Nick Damjanovich, construction superintendent of SANY America, stands at a construction site in the Peachtree City Industrial Park, Georgia, US. [Photo: China Daily/Tan Yingzi]
Chinese companies are making their way into the United States, and their influence can be felt in all facets of life.
When you walk into a new convenience store, it may be run by a Chinese couple speaking broken English; when you enter a furniture store, the manager greeting you might be Chinese and he may own five other stores nearby; even when the gas company comes to change your meter, you may notice that the new meter has Chinese characters on it.
On Nov 1, 2010, the Ministry of Commerce issued a report showing China's outbound direct investment in 2009 reached $56.5 billion, the fifth largest in the world. From 2002 to 2009, China's outbound direct investment grew by 54 percent annually.
While some of the investment came from State-owned companies, the majority came from the private sector.
Chinese investments come into the US in several ways: mergers and acquisitions, joint ventures with domestic companies, buying small businesses and building new factories.
"Opportunities for investment (into the US) will last for a long time, perhaps 30 to 50 years," said Lin Shunjie, deputy secretary-general of the China Chamber of International Commerce.
Lin said what private enterprises do is surprisingly diversified. While State-owned companies might not want to invest in areas with limited returns, private companies seem willing to invest in projects that bring them consistent returns.
SANY Group Co Ltd, the largest construction equipment manufacturer in China and one of the top 10 in the world, is not too dissimilar from many other ambitious Chinese companies.
"After the company went public in 2003 on the Shanghai Stock Exchange, we entered a new phase of development that required us to explore more resources worldwide," Tang Jianguo, president of SANY America, told China Daily.
"The US is home to the leading heavy equipment manufacturers and it has the best technology, talent and market, and I believe the company can benefit from investments in the US."
Based on an agreement with the Georgia state government in 2006, the company established a factory on 92 hectares and will invest more than $100 million over the next few years.
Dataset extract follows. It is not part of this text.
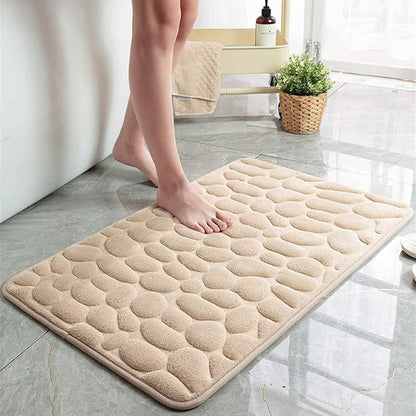 Weiche Badematte aus Memory-Schaum mit rutschfestem Grabsteinmuster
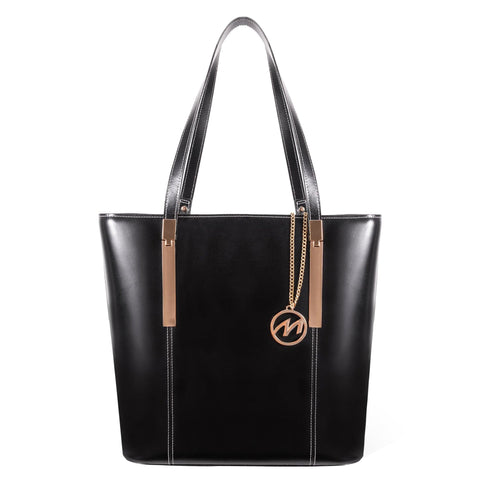 McKlein USA Cristina Leather Tote Bag with Tablet Pocket - Black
Company managers said they expect to create about 600 jobs in the state.
The China Chamber of International Commerce said 70 to 80 percent of its 300 members have overseas investments, with 20 to 30 percent of them investing in the US.
One main reason for the investments is that with the onset of the global financial crisis, Chinese companies, especially exporters, are finding it harder to export to the US. As the yuan appreciates, the dollars they accumulated from exports are losing their value, pushing companies to find an outlet for their money. The US is an optimal destination.
"The US is desperately in need of investments, which are what Chinese enterprises possess," said Chen Yongjun, deputy director of the business school at Renmin University of China in Beijing. "It is the best time for Chinese companies to invest in the US. Previously, US companies were worried that their technology would be stolen when they brought their technology into China. But if we invest in the US, we become stakeholders and will protect our intellectual property rights, creating less concerns for US partners."
Lin said it is also a good opportunity to rebuild Chinese brands. "For decades, Chinese products have been synonymous with being cheap and of low quality, just like Japanese products were in the 1970s. It was the only message conveyed to American consumers. If we let it be, it will also take us 30 years, like the Japanese, to eliminate that and rebuild brands. Through manufacturing in the US, we might rebuild our brands in 20 years."
To many private enterprises, investing in the US is a wise move since they will become part of a local company and can label their products "made in the USA". And since labor is much more expensive in the US than in China, most investments go to technology-intensive industries, rather than consumer products.
"We don't advise all types of Chinese companies to invest in the US since many of them may not survive. Companies should alter their production models and add value to their products first before they consider investing overseas," Lin said.